One of the things I’ve been woefully negligent on is running through a “house burned down” restore scenario. It’s on my list to do that. Soon.
I actually back up all of the data for my dockers, so this is already covered by my unRAID backups. I won’t have it for the initial restore after a catastrophic failure. But, at that point, none of this is really important. The only thing that matters is getting the data back.
My schedule has gotten even more simplistic! I’ll probably still run the simple check [with -fossils]. I’m okay taking a “belt and suspender” approach here.
Wow! That’s really cool. And, probably the only legitimate reason to still be running Windows XP. Please, oh please, tell me you’re not running Windows 98!
To be fair, all the hate and frustration with windows stability pre Vista is rooted in a horrifically designed driver model: it was impossible to write a stable driver due to sheer amount of boilerplate code required to be done just right, lacking documentation, and the way kernel worked pre NT. Large companies were invited to MS HQ and aided in writing the driver software, but smaller companies had to wing it. The result were all those blue screens any time you looked at your machine funny.
So once you found the combination of drivers and OS that sort of kind of works for your environment—you tended to stick to it. Upgrading to next major OS had a very predictable outcome: few questionable UI changes, new bucket of bugs, and maybe some crucial features added (like, I don’t know, USB support).

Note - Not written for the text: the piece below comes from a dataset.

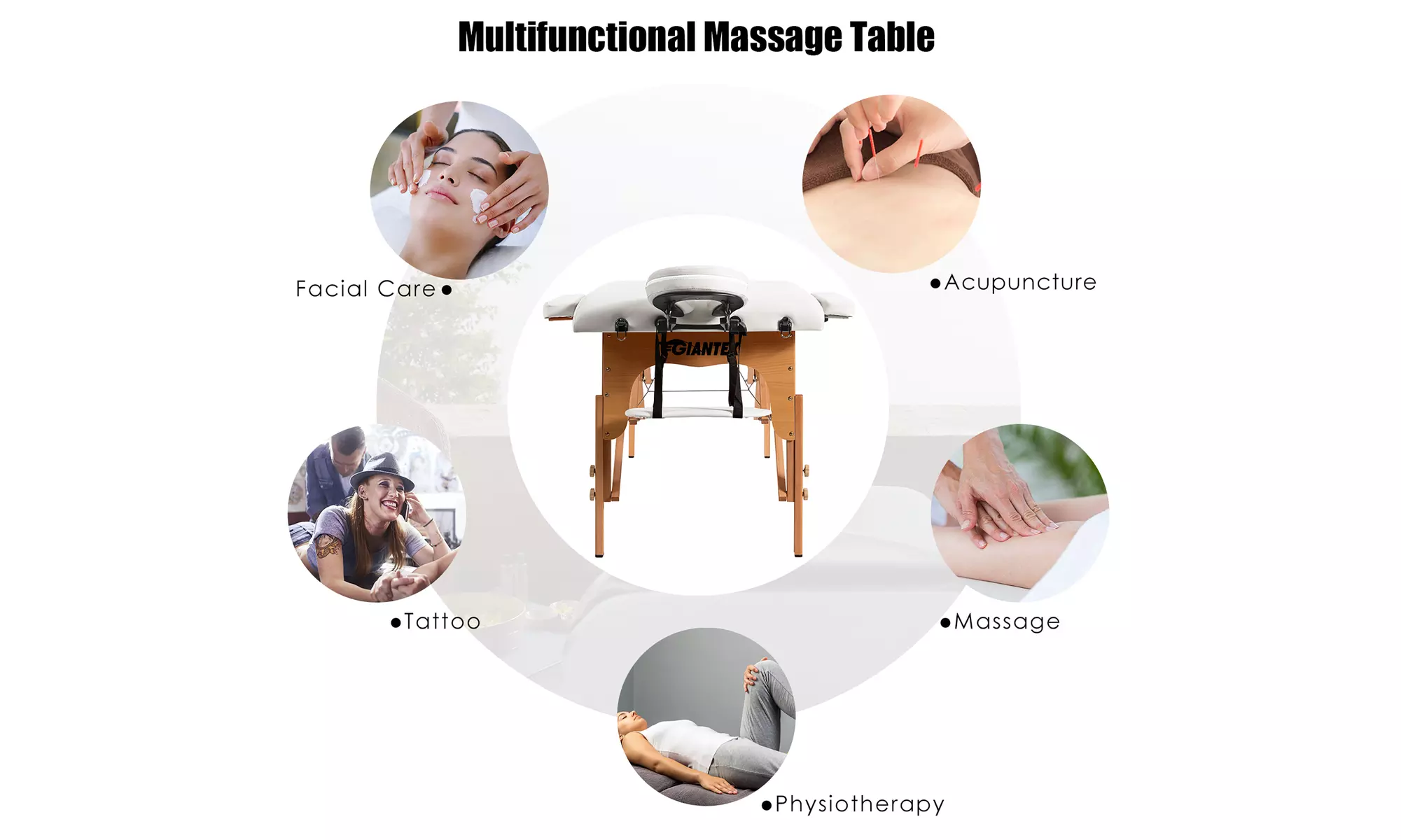 84" Portable Massage Table Adjustable Spa Bed with Carry Case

In Vista Microsoft threw that model away and rewrote the whole stack from scratch, especially focusing on display driver model (WDDM) as the GPUs grew in complexity and their stability was paramount. Now drivers were merely extensions and developers just needed to implement device-specific functionality. The stability instantly improved, but this rather drastic change had the other side of multiple vendors not catching up in time and OS being rather new having all other childhood illnesses. Windows 7 was a polish on top of Vista, and many consider it to be one of the “best” OSes Microsoft produced.